_Task statement_. Starting with the first line below, reproduce each line exactly until you have included the one bearing "Crocs (PS) クラシック".

_Listed records_.

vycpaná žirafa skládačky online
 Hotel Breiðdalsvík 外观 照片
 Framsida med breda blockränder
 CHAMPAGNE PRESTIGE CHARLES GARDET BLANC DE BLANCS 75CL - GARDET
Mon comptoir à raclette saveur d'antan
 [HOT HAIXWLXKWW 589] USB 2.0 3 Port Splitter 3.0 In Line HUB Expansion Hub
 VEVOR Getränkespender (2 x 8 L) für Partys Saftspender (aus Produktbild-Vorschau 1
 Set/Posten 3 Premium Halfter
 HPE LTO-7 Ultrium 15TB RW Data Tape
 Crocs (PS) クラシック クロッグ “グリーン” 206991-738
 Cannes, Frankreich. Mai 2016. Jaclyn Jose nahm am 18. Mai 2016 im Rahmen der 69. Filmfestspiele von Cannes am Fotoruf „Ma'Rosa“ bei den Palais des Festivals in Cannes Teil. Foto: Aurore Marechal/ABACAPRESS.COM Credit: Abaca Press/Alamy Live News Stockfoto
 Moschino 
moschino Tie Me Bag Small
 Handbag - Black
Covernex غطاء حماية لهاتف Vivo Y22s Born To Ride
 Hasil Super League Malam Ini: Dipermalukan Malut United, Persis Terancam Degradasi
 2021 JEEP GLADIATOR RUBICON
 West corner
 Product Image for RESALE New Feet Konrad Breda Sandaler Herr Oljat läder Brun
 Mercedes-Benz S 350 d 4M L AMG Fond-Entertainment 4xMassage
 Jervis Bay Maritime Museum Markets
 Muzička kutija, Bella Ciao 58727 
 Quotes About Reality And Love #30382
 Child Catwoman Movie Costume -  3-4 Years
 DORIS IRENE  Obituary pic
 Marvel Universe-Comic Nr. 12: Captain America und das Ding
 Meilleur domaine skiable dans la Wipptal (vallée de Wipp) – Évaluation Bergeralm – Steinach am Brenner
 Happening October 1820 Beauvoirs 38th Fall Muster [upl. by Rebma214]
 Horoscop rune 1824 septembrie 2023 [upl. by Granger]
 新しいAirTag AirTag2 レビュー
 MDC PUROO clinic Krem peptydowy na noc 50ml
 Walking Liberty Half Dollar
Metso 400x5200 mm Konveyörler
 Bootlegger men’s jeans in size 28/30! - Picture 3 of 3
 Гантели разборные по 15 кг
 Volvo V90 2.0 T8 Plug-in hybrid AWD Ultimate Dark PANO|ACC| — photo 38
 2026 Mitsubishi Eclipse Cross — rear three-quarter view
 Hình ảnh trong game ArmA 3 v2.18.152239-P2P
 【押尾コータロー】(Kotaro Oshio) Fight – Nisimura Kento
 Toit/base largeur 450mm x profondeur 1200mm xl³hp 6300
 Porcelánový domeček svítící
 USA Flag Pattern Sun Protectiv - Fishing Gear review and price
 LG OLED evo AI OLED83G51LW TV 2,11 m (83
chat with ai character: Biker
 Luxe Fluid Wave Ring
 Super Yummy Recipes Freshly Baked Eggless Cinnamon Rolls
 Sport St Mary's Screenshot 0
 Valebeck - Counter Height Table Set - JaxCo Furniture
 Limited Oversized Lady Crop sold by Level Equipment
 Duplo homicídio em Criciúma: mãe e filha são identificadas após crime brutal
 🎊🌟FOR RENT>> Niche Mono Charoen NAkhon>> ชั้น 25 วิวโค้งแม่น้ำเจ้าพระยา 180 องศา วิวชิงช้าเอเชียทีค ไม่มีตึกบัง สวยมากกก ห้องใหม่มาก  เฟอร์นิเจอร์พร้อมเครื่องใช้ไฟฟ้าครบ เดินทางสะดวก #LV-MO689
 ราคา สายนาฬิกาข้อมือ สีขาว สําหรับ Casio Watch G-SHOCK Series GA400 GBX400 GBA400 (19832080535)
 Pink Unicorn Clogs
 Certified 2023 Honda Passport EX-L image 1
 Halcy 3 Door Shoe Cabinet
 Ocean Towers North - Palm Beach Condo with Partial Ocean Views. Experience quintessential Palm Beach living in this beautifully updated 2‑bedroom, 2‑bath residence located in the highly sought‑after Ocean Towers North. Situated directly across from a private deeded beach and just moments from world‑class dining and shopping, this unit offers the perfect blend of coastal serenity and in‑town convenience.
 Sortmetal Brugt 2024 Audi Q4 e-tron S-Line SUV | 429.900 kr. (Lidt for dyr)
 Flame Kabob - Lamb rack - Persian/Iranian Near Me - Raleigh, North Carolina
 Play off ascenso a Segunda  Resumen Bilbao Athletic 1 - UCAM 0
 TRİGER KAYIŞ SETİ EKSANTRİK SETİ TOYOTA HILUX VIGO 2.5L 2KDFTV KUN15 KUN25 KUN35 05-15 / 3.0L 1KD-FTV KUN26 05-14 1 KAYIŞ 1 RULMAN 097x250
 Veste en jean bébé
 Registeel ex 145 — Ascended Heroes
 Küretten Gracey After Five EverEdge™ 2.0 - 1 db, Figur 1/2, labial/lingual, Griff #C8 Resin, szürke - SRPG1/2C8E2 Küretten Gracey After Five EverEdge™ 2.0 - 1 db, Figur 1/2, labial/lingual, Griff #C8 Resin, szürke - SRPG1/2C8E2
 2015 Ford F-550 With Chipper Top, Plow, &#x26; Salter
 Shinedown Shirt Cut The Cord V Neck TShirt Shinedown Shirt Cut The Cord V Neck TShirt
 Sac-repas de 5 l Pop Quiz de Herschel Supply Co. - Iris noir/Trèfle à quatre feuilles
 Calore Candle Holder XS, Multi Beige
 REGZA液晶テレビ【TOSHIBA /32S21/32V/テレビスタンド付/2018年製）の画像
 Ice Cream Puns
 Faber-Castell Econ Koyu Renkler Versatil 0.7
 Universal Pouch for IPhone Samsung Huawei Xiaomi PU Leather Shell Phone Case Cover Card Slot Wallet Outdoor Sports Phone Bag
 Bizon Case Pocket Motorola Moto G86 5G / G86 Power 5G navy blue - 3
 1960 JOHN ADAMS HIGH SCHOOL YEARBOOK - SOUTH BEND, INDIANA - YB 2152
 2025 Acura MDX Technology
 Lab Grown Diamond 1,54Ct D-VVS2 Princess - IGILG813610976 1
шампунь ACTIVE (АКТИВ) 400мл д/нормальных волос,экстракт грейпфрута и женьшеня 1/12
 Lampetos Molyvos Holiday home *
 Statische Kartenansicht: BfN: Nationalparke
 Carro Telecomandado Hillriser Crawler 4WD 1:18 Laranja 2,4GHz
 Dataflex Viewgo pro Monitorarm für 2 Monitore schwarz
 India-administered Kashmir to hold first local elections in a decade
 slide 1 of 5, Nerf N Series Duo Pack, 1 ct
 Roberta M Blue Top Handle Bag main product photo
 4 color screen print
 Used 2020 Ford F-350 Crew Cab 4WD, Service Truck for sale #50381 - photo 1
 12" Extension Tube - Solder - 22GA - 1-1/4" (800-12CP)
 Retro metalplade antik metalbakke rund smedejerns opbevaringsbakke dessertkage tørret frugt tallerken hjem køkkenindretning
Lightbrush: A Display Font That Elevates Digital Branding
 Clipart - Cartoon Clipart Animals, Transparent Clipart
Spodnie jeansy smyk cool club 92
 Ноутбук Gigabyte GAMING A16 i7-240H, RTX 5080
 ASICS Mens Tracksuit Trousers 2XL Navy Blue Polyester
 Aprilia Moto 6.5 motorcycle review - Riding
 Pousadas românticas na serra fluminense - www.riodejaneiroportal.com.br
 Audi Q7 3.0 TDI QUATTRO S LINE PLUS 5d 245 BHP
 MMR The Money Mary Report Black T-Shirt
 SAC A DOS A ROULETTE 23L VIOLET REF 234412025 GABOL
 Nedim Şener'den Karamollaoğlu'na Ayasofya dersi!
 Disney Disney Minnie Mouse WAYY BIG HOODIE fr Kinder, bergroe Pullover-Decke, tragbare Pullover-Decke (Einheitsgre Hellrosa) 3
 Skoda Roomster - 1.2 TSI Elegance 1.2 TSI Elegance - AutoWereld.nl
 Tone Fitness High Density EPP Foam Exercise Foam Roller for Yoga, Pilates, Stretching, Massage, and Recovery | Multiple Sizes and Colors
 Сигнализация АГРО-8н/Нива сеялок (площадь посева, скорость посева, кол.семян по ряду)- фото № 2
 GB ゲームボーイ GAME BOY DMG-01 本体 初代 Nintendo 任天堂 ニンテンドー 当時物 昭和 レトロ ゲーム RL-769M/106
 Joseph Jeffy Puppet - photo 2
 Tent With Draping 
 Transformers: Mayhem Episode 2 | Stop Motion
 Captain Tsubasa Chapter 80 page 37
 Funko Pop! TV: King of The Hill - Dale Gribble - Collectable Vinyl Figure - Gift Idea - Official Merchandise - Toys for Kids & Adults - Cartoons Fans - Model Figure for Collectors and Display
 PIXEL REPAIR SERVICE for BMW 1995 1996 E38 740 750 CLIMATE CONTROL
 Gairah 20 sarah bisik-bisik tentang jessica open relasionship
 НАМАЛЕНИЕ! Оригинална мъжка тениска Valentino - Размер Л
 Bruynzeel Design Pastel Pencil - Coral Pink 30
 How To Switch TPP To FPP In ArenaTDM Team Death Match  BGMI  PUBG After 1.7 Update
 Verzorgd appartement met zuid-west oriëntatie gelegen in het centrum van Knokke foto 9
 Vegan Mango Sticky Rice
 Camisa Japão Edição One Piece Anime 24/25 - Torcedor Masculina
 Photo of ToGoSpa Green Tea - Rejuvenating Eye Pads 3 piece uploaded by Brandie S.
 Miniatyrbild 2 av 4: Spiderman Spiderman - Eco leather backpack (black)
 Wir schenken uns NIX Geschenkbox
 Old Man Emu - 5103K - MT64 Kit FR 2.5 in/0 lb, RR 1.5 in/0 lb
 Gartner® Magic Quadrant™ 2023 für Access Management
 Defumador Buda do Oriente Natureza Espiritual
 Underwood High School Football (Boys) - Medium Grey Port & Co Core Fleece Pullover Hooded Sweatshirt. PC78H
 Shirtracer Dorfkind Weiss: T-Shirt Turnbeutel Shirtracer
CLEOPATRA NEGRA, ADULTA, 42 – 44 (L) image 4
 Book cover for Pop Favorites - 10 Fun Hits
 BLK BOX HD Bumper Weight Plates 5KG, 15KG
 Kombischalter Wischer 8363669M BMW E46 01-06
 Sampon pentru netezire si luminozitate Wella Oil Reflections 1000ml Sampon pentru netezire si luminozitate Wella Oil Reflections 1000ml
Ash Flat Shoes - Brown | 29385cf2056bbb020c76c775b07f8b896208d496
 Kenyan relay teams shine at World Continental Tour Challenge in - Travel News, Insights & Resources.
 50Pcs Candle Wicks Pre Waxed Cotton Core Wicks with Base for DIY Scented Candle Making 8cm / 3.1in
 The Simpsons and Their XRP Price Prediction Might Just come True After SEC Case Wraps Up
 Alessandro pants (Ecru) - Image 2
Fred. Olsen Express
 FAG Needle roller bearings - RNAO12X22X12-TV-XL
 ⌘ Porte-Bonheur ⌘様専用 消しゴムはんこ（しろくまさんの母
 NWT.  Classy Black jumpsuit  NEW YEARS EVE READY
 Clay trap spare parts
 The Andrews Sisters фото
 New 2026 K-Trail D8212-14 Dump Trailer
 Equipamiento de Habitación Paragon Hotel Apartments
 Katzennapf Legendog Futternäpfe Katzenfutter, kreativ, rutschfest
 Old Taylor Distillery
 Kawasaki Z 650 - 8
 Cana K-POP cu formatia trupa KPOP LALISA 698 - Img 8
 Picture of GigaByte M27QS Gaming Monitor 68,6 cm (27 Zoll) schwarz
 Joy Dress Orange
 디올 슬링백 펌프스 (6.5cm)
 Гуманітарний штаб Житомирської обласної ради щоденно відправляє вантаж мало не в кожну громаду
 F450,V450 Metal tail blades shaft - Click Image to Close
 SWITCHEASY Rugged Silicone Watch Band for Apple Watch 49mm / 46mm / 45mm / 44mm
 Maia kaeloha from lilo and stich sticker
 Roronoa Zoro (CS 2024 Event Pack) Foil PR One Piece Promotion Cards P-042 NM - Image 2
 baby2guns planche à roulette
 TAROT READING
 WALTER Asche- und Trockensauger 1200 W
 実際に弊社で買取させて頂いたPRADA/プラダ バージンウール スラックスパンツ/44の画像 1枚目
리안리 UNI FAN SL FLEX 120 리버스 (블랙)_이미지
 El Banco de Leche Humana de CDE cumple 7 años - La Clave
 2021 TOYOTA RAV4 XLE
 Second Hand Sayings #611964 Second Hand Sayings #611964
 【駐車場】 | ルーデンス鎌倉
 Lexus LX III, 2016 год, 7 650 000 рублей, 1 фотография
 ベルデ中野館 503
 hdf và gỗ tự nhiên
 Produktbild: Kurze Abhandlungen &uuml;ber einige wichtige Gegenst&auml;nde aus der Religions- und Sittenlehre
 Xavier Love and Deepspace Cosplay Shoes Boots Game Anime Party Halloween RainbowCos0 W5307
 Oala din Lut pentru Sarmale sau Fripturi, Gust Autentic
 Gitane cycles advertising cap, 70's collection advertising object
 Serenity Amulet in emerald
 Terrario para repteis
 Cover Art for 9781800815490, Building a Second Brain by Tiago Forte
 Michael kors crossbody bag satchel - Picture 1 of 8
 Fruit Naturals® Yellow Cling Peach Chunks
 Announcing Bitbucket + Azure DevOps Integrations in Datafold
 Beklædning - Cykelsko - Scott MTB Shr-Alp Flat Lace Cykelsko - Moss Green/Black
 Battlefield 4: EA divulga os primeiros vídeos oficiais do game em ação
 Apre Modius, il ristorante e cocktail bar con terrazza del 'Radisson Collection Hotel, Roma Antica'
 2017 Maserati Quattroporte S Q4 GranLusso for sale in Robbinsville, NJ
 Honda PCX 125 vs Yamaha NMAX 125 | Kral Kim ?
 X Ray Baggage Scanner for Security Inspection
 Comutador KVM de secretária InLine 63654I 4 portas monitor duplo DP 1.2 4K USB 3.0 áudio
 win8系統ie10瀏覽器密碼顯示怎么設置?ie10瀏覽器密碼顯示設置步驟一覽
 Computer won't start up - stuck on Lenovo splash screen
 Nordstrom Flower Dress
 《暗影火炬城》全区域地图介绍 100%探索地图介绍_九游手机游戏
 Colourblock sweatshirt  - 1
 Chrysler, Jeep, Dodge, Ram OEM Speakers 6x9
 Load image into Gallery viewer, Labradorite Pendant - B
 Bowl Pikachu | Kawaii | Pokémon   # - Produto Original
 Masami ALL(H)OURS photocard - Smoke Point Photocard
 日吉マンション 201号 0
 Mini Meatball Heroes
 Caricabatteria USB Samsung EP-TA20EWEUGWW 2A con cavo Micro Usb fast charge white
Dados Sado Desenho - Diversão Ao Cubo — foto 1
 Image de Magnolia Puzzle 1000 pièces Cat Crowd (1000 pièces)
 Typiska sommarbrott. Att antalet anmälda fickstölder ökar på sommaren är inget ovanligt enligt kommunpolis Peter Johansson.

_Output_.
vycpaná žirafa skládačky online
 Hotel Breiðdalsvík 外观 照片
 Framsida med breda blockränder
 CHAMPAGNE PRESTIGE CHARLES GARDET BLANC DE BLANCS 75CL - GARDET
Mon comptoir à raclette saveur d'antan
 [HOT HAIXWLXKWW 589] USB 2.0 3 Port Splitter 3.0 In Line HUB Expansion Hub
 VEVOR Getränkespender (2 x 8 L) für Partys Saftspender (aus Produktbild-Vorschau 1
 Set/Posten 3 Premium Halfter
 HPE LTO-7 Ultrium 15TB RW Data Tape
 Crocs (PS) クラシック クロッグ “グリーン” 206991-738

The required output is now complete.